Polio (Poliomyelitis) ist eine seltene, aber schwerwiegende Krankheit, die durch eine Infektion mit Viren verursacht wird. In Deutschland wird häufig auch der Begriff Kinderlähmung verwendet – was irreführend ist, da sich Menschen jeden Alters anstecken können.
Polio ist hochansteckend, Infizierte scheiden die Viren mit dem Stuhl aus. Sie übertragen sich überwiegend durch Schmierinfektion, es kommen aber auch andere Übertragungswege infrage: eine Tröpfcheninfektion durch Husten und Niesen sowie verschmutztes Trinkwasser als Infektionsquelle. Die Inkubationszeit (Zeit von der Infektion bis zum Auftreten erster Symptome) für Polio beträgt drei bis 35 Tage.
Polio-Impfung schützt vor Infektion
Bis 1997 erfolgte die Impfung gegen Polio mit einem Lebendimpfstoff zum Schlucken. Ab 1998 wurde die Schluckimpfung in Deutschland durch eine Injektion mit Totimpfstoff (inaktivierter Poliomyelitis-Impfstoff, IPV) abgelöst. Beim Lebendimpfstoff können in seltenen Fällen die Viren bei der geimpften oder einer ungeimpften Kontaktperson eine symptomatische Erkrankung auslösen, die sogenannte vakzineassoziierte Poliomyelitis. Dies geschieht laut Robert Koch-Institut nur bei ein bis zwei Fällen pro einer Million Erstimpfungen. Das ist einer der Gründe für die Entwicklung des Totimpfstoffs.
Wer sollte sich gegen Polio impfen lassen?
Die Empfehlung der Ständigen Impfkommission (STIKO) vom Robert Koch-Institut lautet: Alle Personen sollten bereits im Säuglings- und Kleinkindalter eine Grundimmunisierung und im Jugendalter eine Auffrischung erhalten. Erwachsenen, die keinen oder nur einen unvollständigen Impfschutz haben, wird empfohlen, die Impfung nachzuholen.

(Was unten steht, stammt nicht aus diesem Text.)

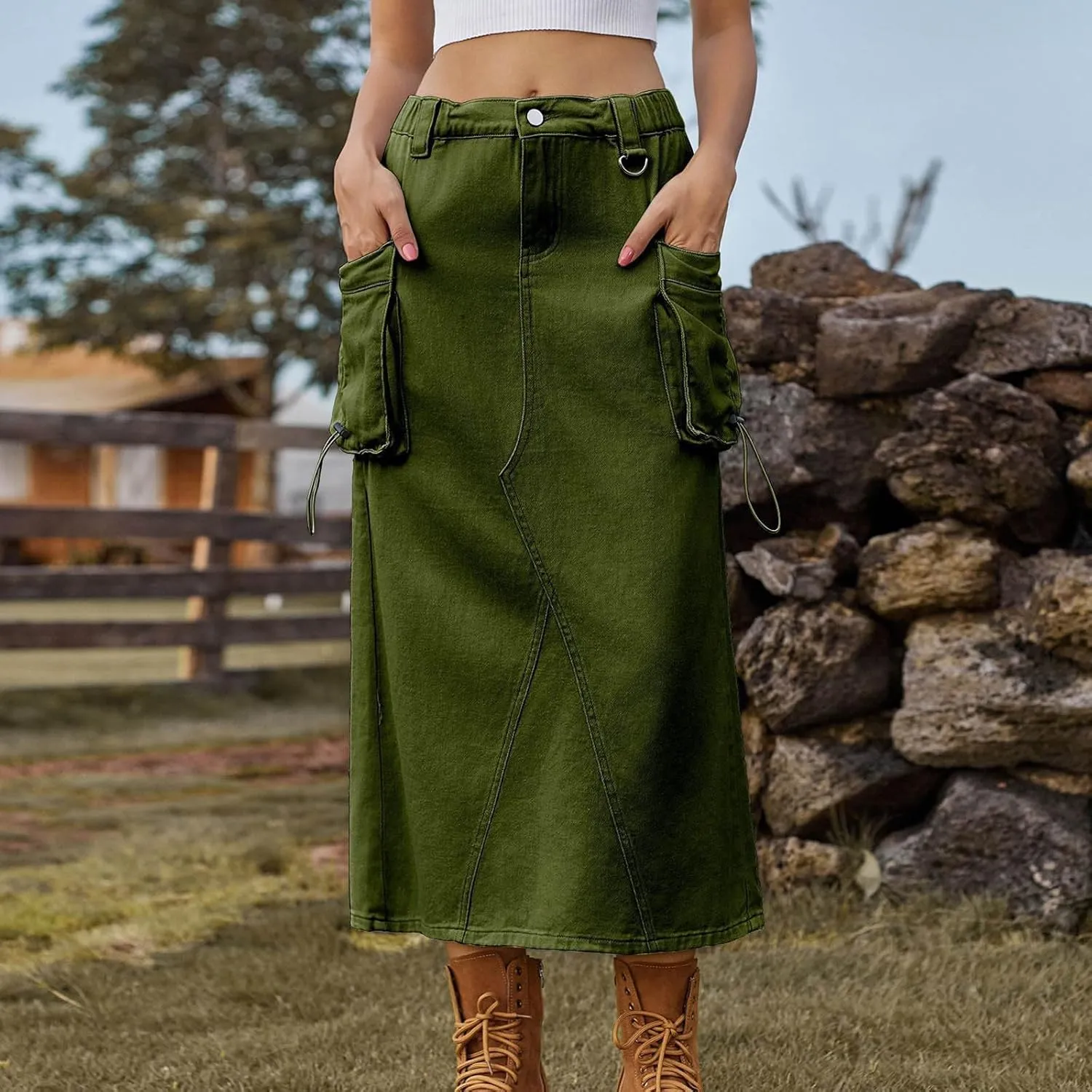 Skirts for Women Fall Winter Warm Straight Skirt High Waist Hip-Wrapped Skirt Casual Jean Cargo Skirts with Pocket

Wie oft und in welchem Abstand wird geimpft?
Auf dem deutschen Markt sind Impfstoffe verschiedener Hersteller erhältlich. Das Impfschema kann sich deshalb unterscheiden, so können zur Grundimmunisierung im Erwachsenenalter zum Beispiel zwei bis drei Dosen im Abstand von vier Wochen bis zu sechs Monaten erforderlich werden. Im Kindesalter wird der Impfstoff meist als Kombinationspräparat in Verbindung mit Tetanus, Diphtherie und Keuchhusten (Pertussis) verabreicht.
Eine routinemäßige Auffrischung nach dem vollendeten 18. Lebensjahr wird für Menschen, die in Deutschland leben, nicht empfohlen. Liegt die letzte Impfung allerdings mehr als zehn Jahre zurück und möchte man in ein Endemiegebiet einreisen, ist eine Auffrischung der Impfung notwendig. Gleiches gilt für berufliche Tätigkeiten, die mit einem erhöhten Infektionsrisiko verbunden sind. Dies gilt etwa für medizinisches Personal, Angestellte im Labor oder in bestimmten Gemeinschaftsunterkünften.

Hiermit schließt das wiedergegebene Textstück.